La Société de l'assurance automobile du Québec (SAAQ) a raté son virage numérique parce qu'elle a mal évalué ses besoins au départ et mal géré la phase de déploiement.
«On s'est fourrés deux fois», a déclaré tout de go l'ex-membre du C.A. de la SAAQ François Geoffrion à la commission Gallant chargée d'enquêter sur les déboires de la société d'État, mercredi matin.
Celui qui a vécu les événements de l'interne entre 2013 et 2022 explique que la SAAQ n'avait pas la «maturité» nécessaire pour entreprendre ce qui était à l'époque le plus gros projet du Québec.
Mais surtout, c'est le manque de personnel qui a fait mal. Alors que la SAAQ connaissait des difficultés, les ressources spécialisées qu'elle souhaitait embaucher étaient introuvables.
«Il manquait de monde dans l'environnement (du logiciel choisi). Au Québec, il n'y en avait pas, et la grande partie des gens qui travaillaient là-dessus étaient en Inde.
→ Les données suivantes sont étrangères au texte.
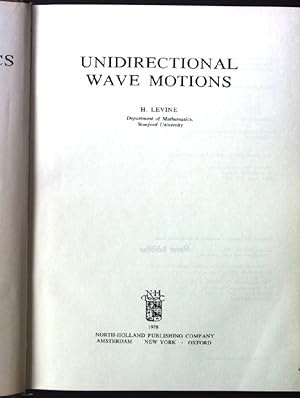 Seller image for Unidirectional Wave Motions. North-Holland Series in Apllied Mathematics and Mechanics, Volume 23. for sale by books4less (Versandantiquariat Petra Gros GmbH & Co. KG)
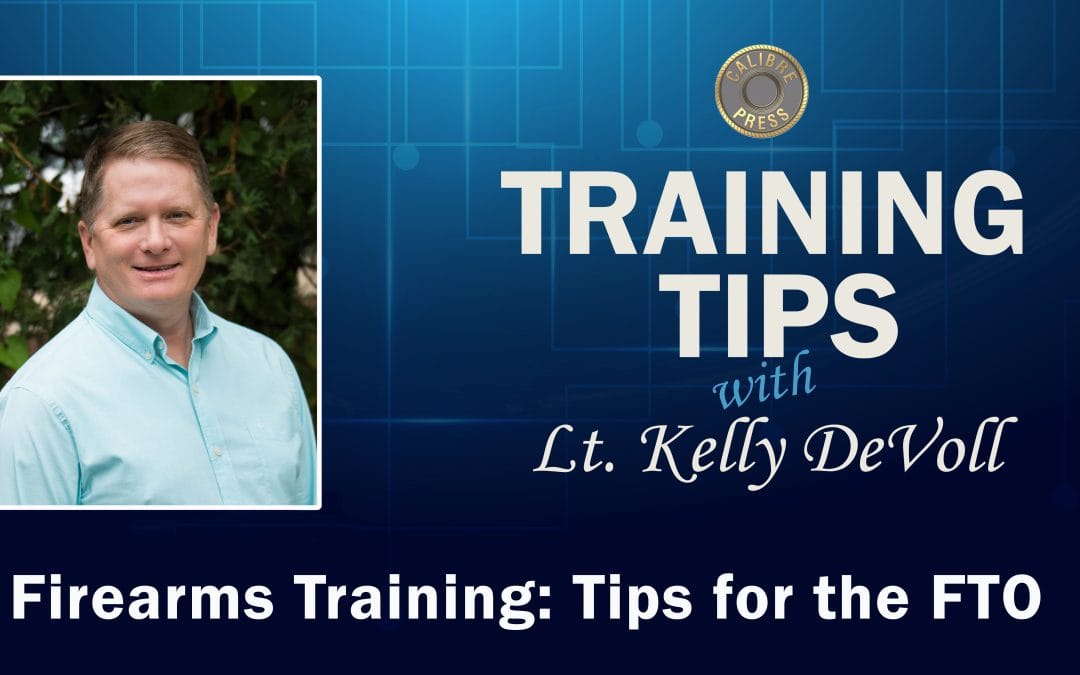 Firearms Training: Tips for the FTO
Ça a été leur plus gros problème», a-t-il affirmé.
«Ces projets-là, pour que ça marche, ça prend des champions», a poursuivi M. Geoffrion, déplorant que des gestionnaires aient quitté les rangs en cours de route, ce qui a mené à une perte de «leadership» et de «continuité».
En 2022, le PDG de la SAAQ et le vice-président responsable de l'immatriculation étaient tout nouvellement arrivés en poste. «Pendant la course, on a changé les jockeys. On a perdu du talent, on a manqué de constance.»
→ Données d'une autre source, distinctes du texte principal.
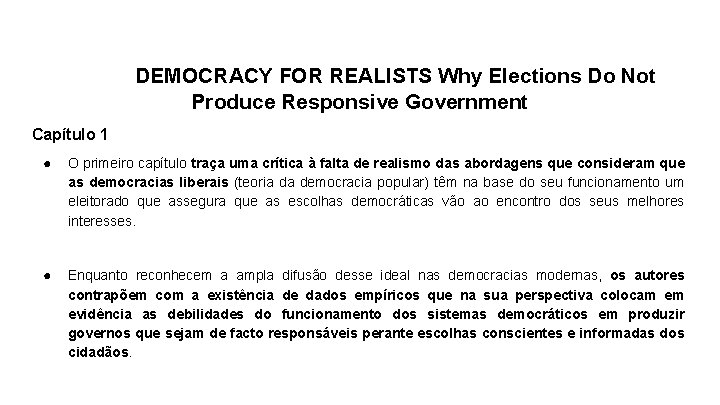 DEMOCRACY FOR REALISTS Why Elections Do Not Produce Responsive Government Capítulo 1 ● O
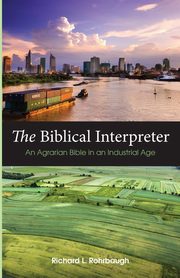 The Biblical Interpreter, Rohrbaugh Richard L.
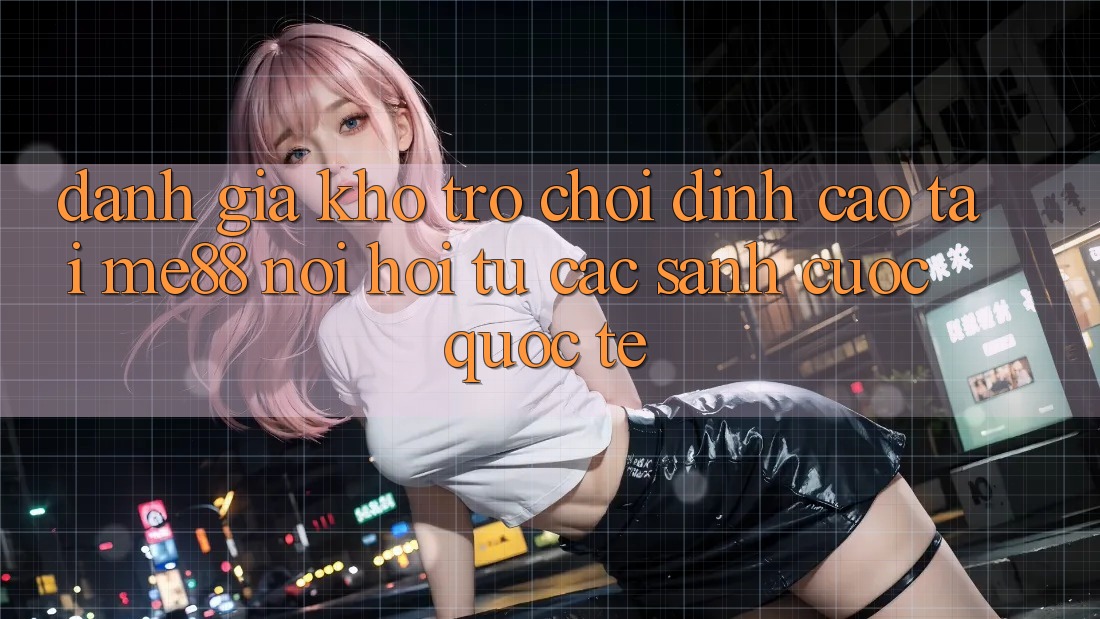 Đánh giá kho trò chơi đỉnh cao tại me88 - Nơi hội tụ các sảnh cược quốc tế Đánh giá kho trò chơi đỉnh cao tại me88 - Nơi hội tụ các sảnh cược quốc tế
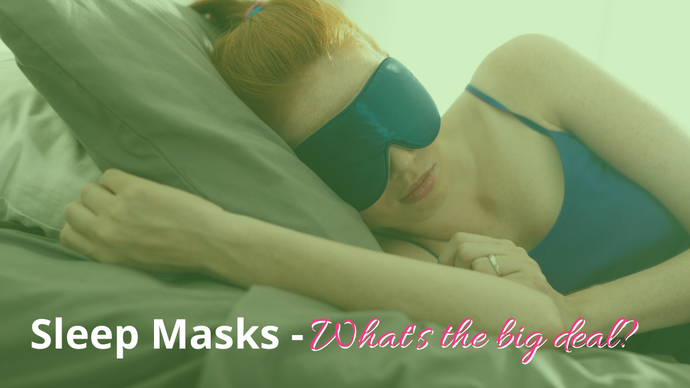 Sleep Masks - What's the big deal?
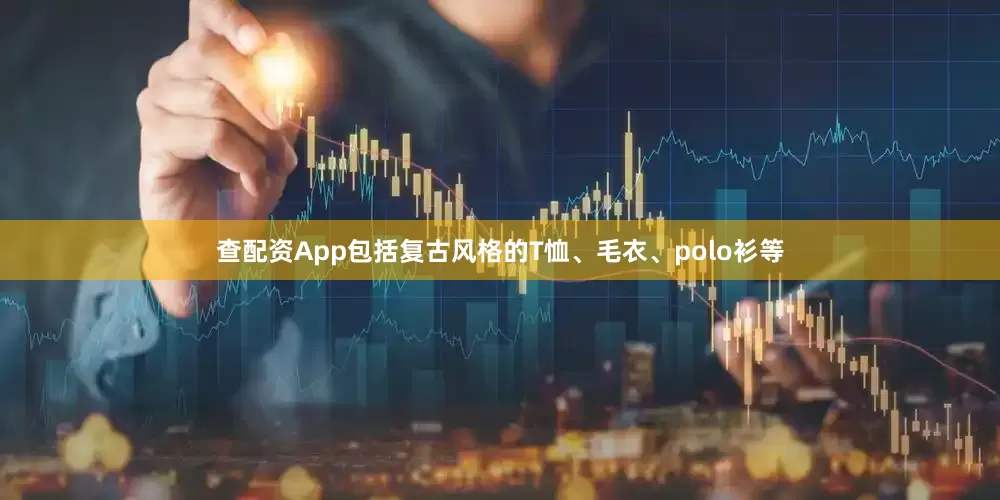 查配资App包括复古风格的T恤、毛衣、polo衫等
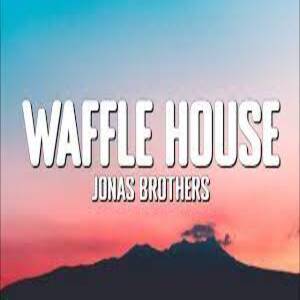 Waffle House Lyrics - Jonas Brothers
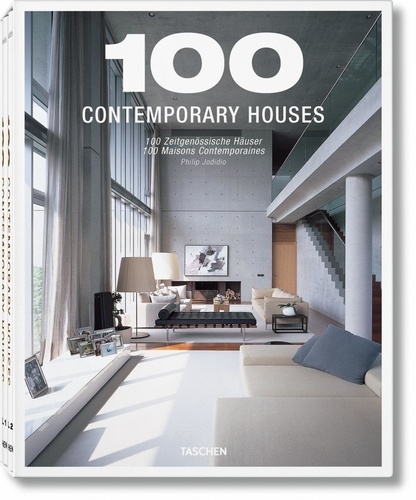 Philip Jodidio - 100 Contemporary Houses - 2 volumes.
En essayant de faire atterrir son projet à l'hiver 2023, la SAAQ a eu l'air d'un «éléphant dans un jeu de quilles», a déclaré M. Geoffrion. «On n'a pas été à la hauteur», a-t-il admis.
Le déploiement raté de SAAQclic a provoqué en 2023 de longues files d'attente devant les succursales.
Concernant les dépassements de coûts, il a toutefois relativisé, affirmant que la SAAQ n'avait qu'à augmenter les frais d'administration qu'elle facture lors des renouvellements de permis de conduire.
Selon lui, «les Québécois ne seront pas tant pénalisés que ça». Par exemple, ces frais pourraient augmenter d'un dollar par permis de conduire, a-t-il suggéré.
«Oui, c'est fâchant de se tromper tant que ça. Oui, c'est fâchant de rater son atterrissage comme ça. Mais tabarouette, à la fin, quand toute la poussière va être retombée, (...) on va avoir un système qui marche.»
Un «pitch» de Karl Malenfant
En matinée, l'ex-président du C.A. de la SAAQ Guy Morneau est revenu sur une réunion téléphonique qui s'est tenue le 14 février 2014.
Cette réunion du C.A. visait à approuver une demande que la SAAQ allait formuler au gouvernement concernant certains allègements qu'elle voulait obtenir.
Pour que le virage numérique puisse se faire dans les délais, la société d'État ne voulait plus avoir à demander la permission au Trésor pour acheter du matériel, par exemple, a expliqué M. Morneau.
Il a témoigné que c'est le vice-président responsable des technologies de l'information, Karl Malenfant, qui avait fait le «pitch», donc qui avait présenté l'idée lors de la réunion.
L'idée a rapidement été approuvée par le C.A. de la SAAQ, puis les allègements ont été accordés par le gouvernement péquiste de Pauline Marois.
En 2015, le virage numérique était estimé à 200 millions $. Il coûtera au bas mot 1,1 milliard $ d'ici 2027, selon le Vérificateur général du Québec. Les travaux de la commission se poursuivront jeudi.